[1.1.0] How to get better results when working with OCR

Asked by carl

first of all congratulations for the project , it's great!!!!

my problem is be able to work with OCR. Maybe I should apply this passage:
https://answers.launchpad.net/sikuli/+faq/2436

But I want to take this opportunity to ask in the first place how to implement a new font.
(starting my job on the numbers, and after on the letters. )
I am hoping that OCR can move automatically in different FONT sizes

Question information

Language:
English Edit question
Status:
Solved
For:
SikuliX Edit question
Assignee:
No assignee Edit question
Solved by:
RaiMan
Solved:
Last query:
Last reply:
Revision history for this message
RaiMan (raimund-hocke) said :
#1

Thanks for kind feedback and your willingness, to contribute in answering questions.

OCR is still in a bad shape (not really revised since the first implementation).
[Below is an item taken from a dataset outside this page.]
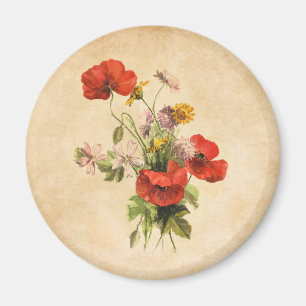 Íman Vintage Buquê Rustic Red Poppies Wild Flowers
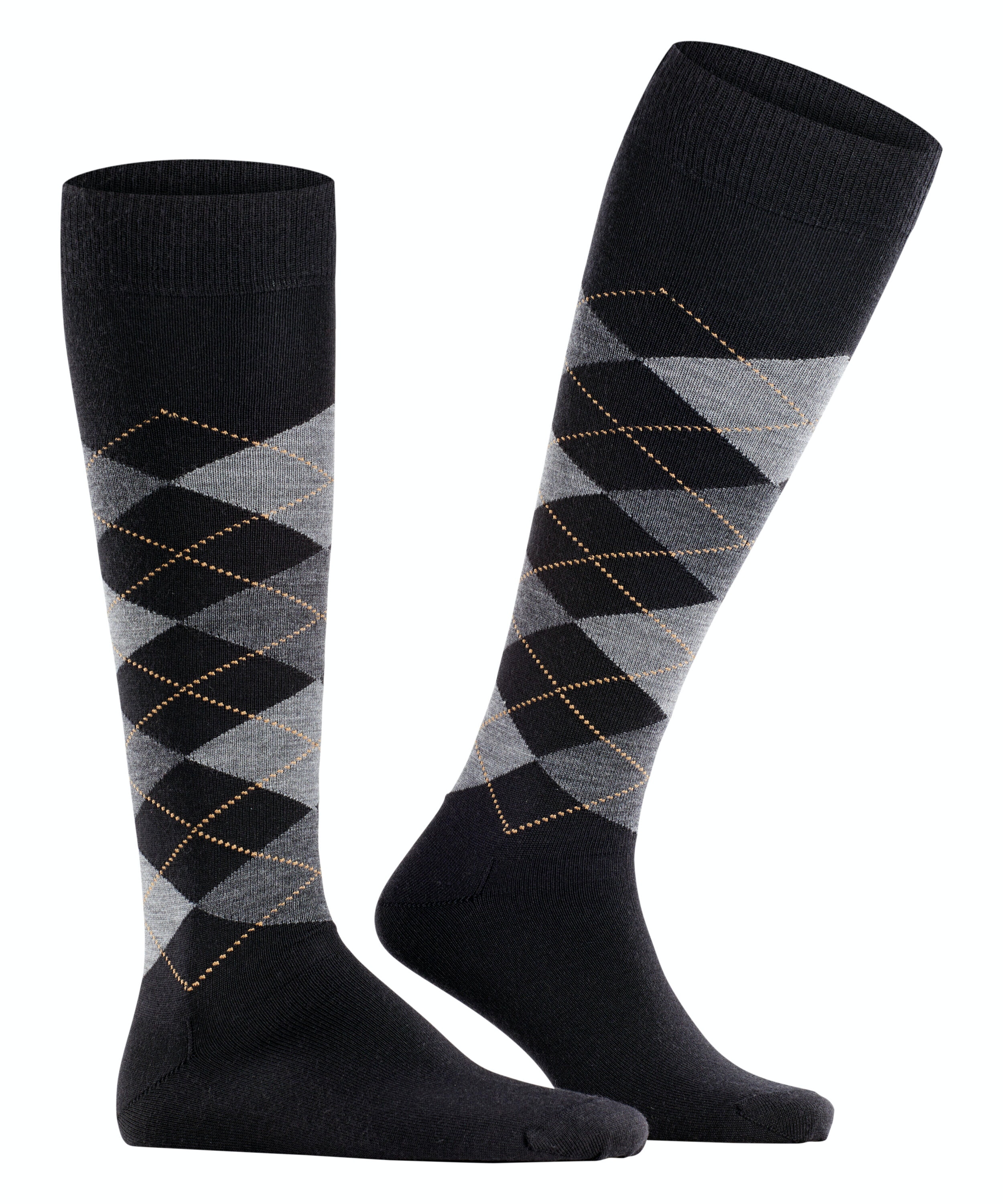 Burlington Edinburgh heren kniekousen, zwart (black)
Only for version 2 it is planned to improve it and make it more configurable.

Currently you can do everything, that is based on additional content and option files in the tessdata folder, according to the Tesseract 3 documentation.

The other option always is (if not time critical), to install your own Tesseract and use it from a SikuliX workflow via command line:
- create an image somehow containing some text
- optionally optimize the image for OCR with some image processing package (like ImageMagick)
- run the Tesseract command with the appropriate options
- read the resulting textfile

--- version 1.1.0+ basic Image processing to get better OCR results
you can do the following, to bring your captured image to a condition best for Tesseract OCR:
img = capture(someRegion) # get the image from the screen (in memory)
img1 = Image.create(img) # create an with the new Image class (still in memory)
imgGrey = img1.convertImageToGrayscale(img1.get()) # does what it says (still in memory)
imgGreyResized = imgGrey.resize(factor) # resize the image to about 300dpi (usually 3 as factor is sufficient) (still in memory)

... then directly try
text = imgGreyResized.text() # using the SikuliX builtin OCR implementation

... or use the Tesseract from command line if special options are needed
imgSaved = imgGreyResized.asFile() # write to temp and get the filename

Sorry, but this is not in the docs.

Revision history for this message
carl (maibannato) said :
#2

OCR recognition is an important junction for my applications

----- version 1.1.0+ basic Image processing to get better OCR results
--you can do the following, to bring your captured image to a condition best for Tesseract OCR:
--img = capture(someRegion) # get the image from the screen (in memory)
--img1 = Image.create(img) # create an with the new Image class (still in memory)
--imgGrey = img1.convertImageToGrayscale(img1.get()) # does what it says (still in memory)
--imgGreyResized = imgGrey.resize(factor) # resize the image to about 300dpi (usually 3 as factor is sufficient) (still in memory)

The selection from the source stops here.